- [RECORDS FOR THE EXERCISE]
======

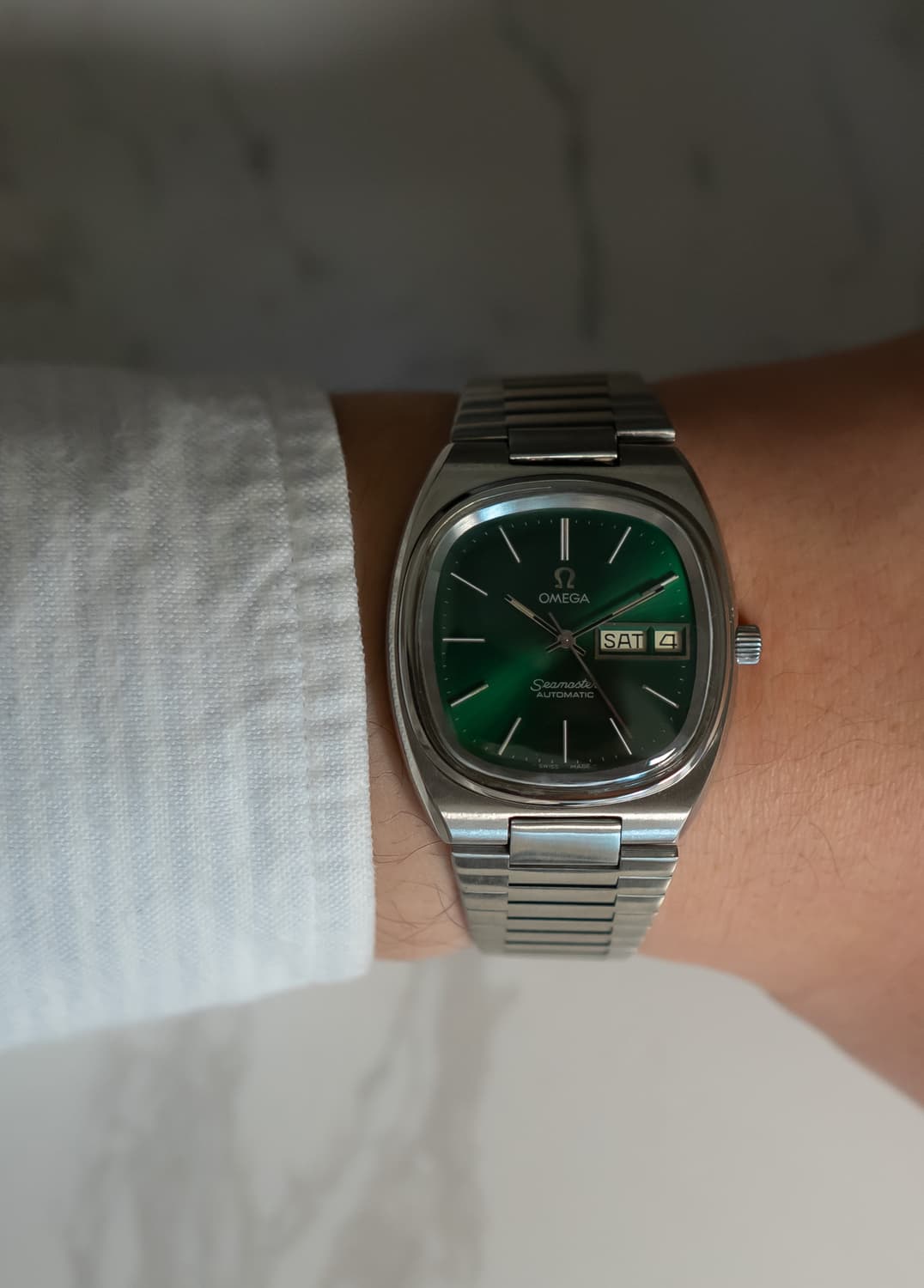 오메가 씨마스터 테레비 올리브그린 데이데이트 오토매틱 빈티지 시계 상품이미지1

======

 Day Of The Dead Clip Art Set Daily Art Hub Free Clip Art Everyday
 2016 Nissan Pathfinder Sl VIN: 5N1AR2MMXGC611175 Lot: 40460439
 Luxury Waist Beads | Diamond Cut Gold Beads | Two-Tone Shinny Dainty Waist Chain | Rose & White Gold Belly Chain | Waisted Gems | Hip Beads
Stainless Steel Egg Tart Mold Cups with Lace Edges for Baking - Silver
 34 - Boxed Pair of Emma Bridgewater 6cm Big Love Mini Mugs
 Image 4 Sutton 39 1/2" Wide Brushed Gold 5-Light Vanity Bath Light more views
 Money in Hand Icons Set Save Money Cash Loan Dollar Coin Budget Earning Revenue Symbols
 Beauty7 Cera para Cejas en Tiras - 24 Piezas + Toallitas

======

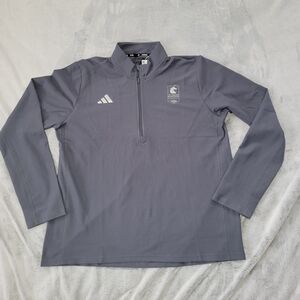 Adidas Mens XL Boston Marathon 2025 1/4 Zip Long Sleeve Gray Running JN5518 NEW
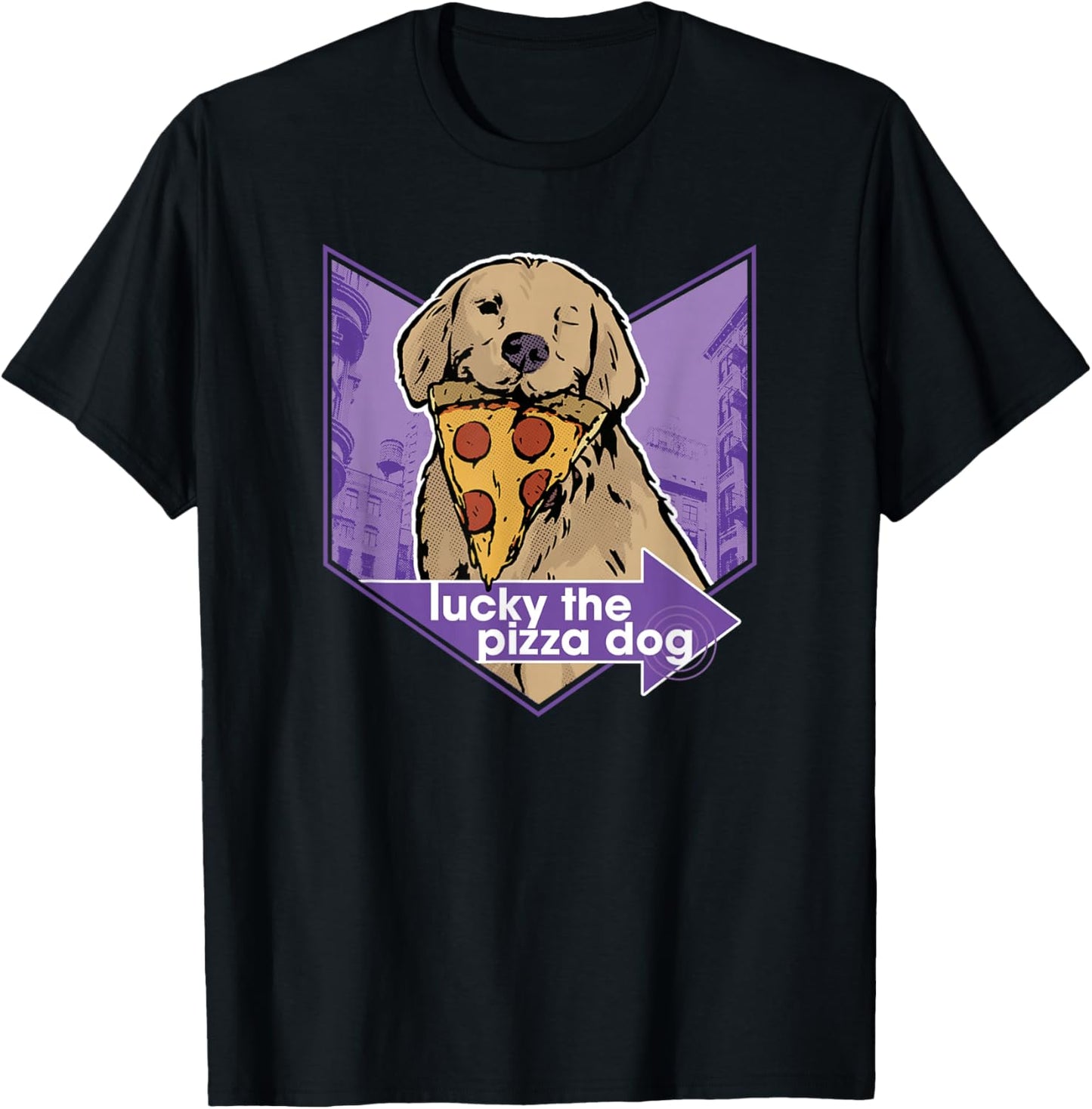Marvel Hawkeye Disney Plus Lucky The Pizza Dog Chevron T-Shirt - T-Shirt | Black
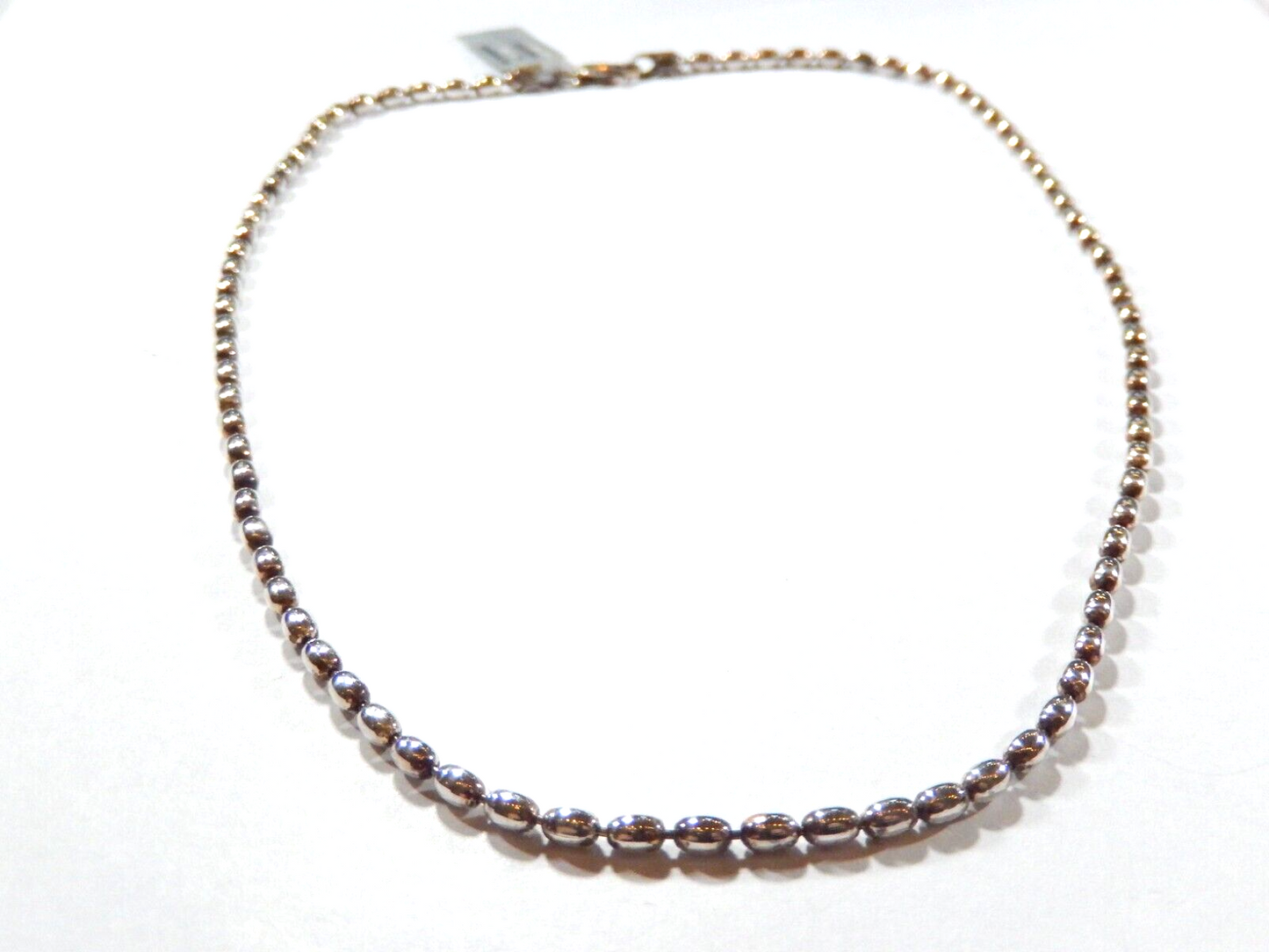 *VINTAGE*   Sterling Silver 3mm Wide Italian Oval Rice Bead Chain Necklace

======

- [ASSIGNMENT]
The response should be the listing above, limited to the lines between the one holding "Money in Hand" and the one holding "Beauty7 Cera para", inclusive, reproduced exactly.

- [SOLVED EXERCISE]
 Money in Hand Icons Set Save Money Cash Loan Dollar Coin Budget Earning Revenue Symbols
 Beauty7 Cera para Cejas en Tiras - 24 Piezas + Toallitas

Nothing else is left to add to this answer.